Dovendo andare velocemente, fu un’esperienza molto ricca e capimmo che occorreva anche una legge, le sperimentazioni nelle aziende erano a carattere volontario e allora occorreva promuovere una legge, non con una logica di imposizione ma di supporto: nacque la legge 125 del 1991, che superava il concetto di parità formale contenuto nella celeberrima legge di parità (903/77), a sua volta derivante da una direttiva europea. Fu un iter travagliato, ricordo in particolare alcuni interventi di Mortillaro, allora a capo di Confindustria.. Ci furono molte manifestazioni, tra cui la famosa del 1988 organizzata proprio dai Coordinamenti Donne Cgil Cisl Uil nazionali, che aveva portato in piazza centinaia di migliaia di donne. Lo slogan fu “un lavoro per tutte, un lavoro diverso, una società senza violenza”. In questa parola d’ordine stavano racchiusi i nostri contenuti: primo, non solo un lavoro, ma un lavoro che fosse anche motivo di soddisfazione e consentisse di tenere insieme famiglia e vita personale; secondo, non a tutte le forme di violenza, perché allora non esisteva ancora una legge contro la violenza sessuale e le molestie sul lavoro, oltre al fatto che il mondo era continuamente scosso da conflitti. Questo, per le donne e per il sindacato, è stato il periodo più “alto” sul tema delle pari opportunità, che diventarono un pezzo significativo nei contratti.. Capirono che era conveniente per l’impresa anche i dirigenti aziendali più avvertiti, perché se sono soddisfatta del mio lavoro produco di più.

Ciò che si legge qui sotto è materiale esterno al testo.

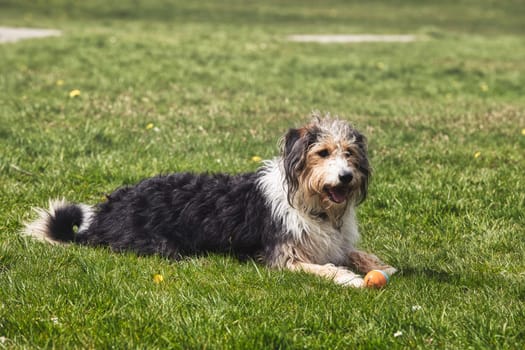 A relaxed shaggy dog lying on green grass in a park with a ball nearby, enjoying a calm moment outdoors. The dog, likely a mixed breed with characteristics of the Bearded Collie or Polish Lowland Sheepdog, has a scruffy coat of black, white, and brown fur. This playful yet peaceful scene is ideal for use in themes related to pets, outdoor activities, and animal behavior.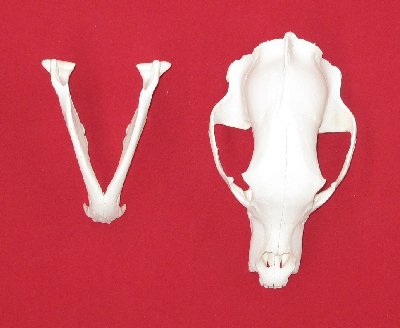 Picture of this lot Black Bear Skulls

Sul piano del lavoro delle donne cgil cisl uil, spesso, anche quando le nostre rispettive organizzazioni sono state divise, noi non abbiamo mai interrotto il lavoro unitario, tanto è vero che qualche dirigente illuminato ci diceva “fate bene, perché quando ripartirà il lavoro unitario, ma con le organizzazioni quasi vuote, voi sarete il nostro modello”.

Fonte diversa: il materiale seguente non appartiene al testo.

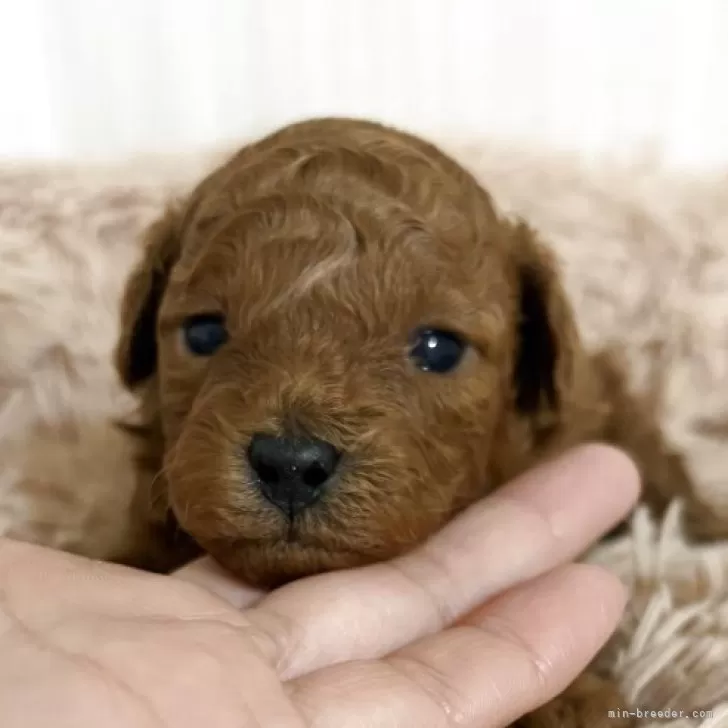 タイニープードル【岡山県・男の子・2025年11月12日・レッド】の写真1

Sulla presenza delle donne nella Cisl, tante erano le iscritte, poche le dirigenti, come del resto nelle altre organizzazioni, ma in modo particolare nella Cisl, nonostante la mole di lavoro fatto: per cultura, per tradizioni, per tante cose che posso per brevità richiamare. Ci ponemmo allora l’obiettivo di più donne negli organismi dirigenti ma in particolare nelle segreterie, perché al di là delle forme quello che conta sono le segreterie, che poi traducono in fatti concreti quello che i direttivi hanno deciso o pensano di aver deciso.

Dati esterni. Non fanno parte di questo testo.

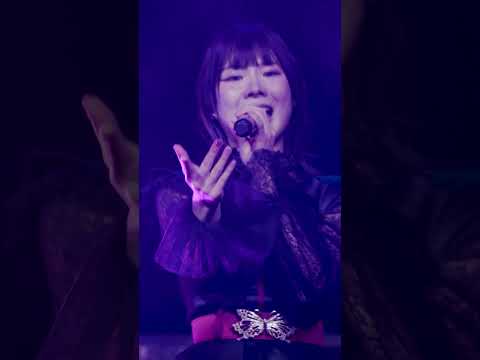 ♪ 失墜の夏 Live ver.  #ringwanderung #live  #idol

Non eravamo messe bene allora, forse anche oggi (ma questo lo dovete dire voi), proprio per questo occorreva un segnale forte. Stanche di vedere il coordinamento lavorare con poche risorse umane ed economiche, un gruppo di dieci donne del coordinamento nazionale chiese un incontro con l’allora segretario organizzativo, ma non avendo avuto nessuna soddisfazione chiese l’incontro con il Segretario generale Marini. Il soggetto aveva “l’occhio lungo” e capì che conveniva alla Cisl valorizzare al proprio interno le donne, non solo e tanto per far loro piacere, ma perché di fronte alle sfide di una nuova sindacalizzazione del lavoro femminile, visto l’aumento delle lavoratrici, occorrevano più delle donne che uomini. Nacque così, in Cisl il primo Progetto Donna, fatto con l’organizzazione, che se ne assunse responsabilità assieme al Coordinamento (del resto, senza apparato e senza soldi non avremmo concluso molto…). Lo chiamammo “dalle parole ai fatti”, ma il progetto camminava a rilento, anche perché non mancavano gli ostacoli da parte di alcuni gentiluomini ………..
Ci furono anche dei momenti “forti”, a Roma alla Conferenza delle Donne, mentre Marini parlava alcune nostre amiche, stanche di sentirlo parlare di questioni “generali”, senza entrare nel merito delle problematiche poste dal Coordinamento, fecero le bolle di sapone …..
Subito dopo la conferenza, inizia a consolidarsi il discorso delle quote, molto ostacolato dagli uomini e dire il vero non solo a loro. Ci avevamo provato in tutti i modi a far entrare le donne nei gruppi dirigenti, ma non c’era verso perché gli uomini facevano alleanza tra di loro, arrivavano ai congressi (che sono democrazia, certo, chi ha i numeri vince). Sì, ma loro si mettevano d’accordo prima, arrivavano ai congressi e dicevano: tante a te, tante a te, e poi le donne restavano fuori.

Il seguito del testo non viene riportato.